[Caption-style text data]
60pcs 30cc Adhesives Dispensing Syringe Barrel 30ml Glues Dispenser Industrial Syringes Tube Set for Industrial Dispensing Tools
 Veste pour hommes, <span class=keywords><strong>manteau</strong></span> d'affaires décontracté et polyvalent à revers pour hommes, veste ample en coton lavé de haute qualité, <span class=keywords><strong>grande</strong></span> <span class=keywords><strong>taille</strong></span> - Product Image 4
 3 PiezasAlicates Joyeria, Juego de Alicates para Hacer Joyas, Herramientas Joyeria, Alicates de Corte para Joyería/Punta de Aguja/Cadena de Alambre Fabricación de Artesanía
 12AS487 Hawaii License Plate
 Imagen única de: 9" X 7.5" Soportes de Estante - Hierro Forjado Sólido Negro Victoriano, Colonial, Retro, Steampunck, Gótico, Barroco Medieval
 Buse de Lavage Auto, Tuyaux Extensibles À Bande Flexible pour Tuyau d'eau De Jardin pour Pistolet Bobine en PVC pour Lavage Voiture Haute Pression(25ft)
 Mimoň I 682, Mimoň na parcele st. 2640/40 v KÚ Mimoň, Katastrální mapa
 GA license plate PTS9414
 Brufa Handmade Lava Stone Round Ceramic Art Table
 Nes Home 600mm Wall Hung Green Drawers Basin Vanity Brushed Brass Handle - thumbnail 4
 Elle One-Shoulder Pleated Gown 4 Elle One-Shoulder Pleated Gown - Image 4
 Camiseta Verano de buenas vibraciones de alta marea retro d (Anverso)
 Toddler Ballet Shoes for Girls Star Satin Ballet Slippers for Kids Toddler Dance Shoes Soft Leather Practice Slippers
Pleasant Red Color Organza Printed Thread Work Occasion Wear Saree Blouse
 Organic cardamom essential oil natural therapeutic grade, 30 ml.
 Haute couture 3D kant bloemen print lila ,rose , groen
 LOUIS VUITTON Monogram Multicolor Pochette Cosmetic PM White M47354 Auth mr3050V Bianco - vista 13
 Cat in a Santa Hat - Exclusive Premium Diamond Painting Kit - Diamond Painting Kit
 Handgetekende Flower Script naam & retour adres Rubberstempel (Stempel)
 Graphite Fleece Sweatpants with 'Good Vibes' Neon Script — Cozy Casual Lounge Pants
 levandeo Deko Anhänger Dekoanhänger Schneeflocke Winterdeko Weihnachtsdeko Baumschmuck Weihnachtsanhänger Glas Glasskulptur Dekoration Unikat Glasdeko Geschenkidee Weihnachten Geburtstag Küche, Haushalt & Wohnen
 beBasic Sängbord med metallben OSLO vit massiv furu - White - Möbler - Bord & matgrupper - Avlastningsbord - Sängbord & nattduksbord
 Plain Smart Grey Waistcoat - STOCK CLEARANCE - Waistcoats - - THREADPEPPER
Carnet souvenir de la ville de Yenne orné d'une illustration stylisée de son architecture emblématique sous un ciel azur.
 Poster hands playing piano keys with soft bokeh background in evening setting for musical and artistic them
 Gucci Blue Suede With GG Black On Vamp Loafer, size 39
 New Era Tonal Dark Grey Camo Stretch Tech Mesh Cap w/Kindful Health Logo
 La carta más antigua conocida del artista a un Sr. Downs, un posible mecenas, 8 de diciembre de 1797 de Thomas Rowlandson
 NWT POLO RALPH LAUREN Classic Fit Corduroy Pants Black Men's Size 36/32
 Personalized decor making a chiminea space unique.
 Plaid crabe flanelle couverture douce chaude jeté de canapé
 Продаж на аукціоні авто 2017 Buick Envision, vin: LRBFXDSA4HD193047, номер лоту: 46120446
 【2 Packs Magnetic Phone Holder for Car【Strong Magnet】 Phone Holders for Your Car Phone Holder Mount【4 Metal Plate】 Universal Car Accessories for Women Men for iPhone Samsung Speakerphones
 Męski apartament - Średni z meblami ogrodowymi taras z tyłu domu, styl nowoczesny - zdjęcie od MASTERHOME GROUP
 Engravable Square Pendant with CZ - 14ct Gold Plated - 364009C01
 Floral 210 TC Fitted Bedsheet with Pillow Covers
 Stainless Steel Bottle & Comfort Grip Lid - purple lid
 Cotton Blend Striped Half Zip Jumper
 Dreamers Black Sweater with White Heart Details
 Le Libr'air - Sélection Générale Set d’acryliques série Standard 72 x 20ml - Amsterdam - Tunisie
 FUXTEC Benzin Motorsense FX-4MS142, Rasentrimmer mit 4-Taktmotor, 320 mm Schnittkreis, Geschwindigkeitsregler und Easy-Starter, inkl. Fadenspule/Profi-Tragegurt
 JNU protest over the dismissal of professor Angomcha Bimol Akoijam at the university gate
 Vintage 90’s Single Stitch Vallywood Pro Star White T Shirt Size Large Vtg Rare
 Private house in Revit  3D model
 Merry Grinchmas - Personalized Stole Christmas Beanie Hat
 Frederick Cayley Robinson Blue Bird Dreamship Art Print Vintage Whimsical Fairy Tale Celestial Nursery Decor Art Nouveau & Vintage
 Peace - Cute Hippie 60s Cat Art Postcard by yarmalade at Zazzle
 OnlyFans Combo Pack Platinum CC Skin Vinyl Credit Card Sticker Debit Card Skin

_Directions for this task_
Tell how many lines of the data above contain the word "Pants", giving the number by itself.

_Written reply_
2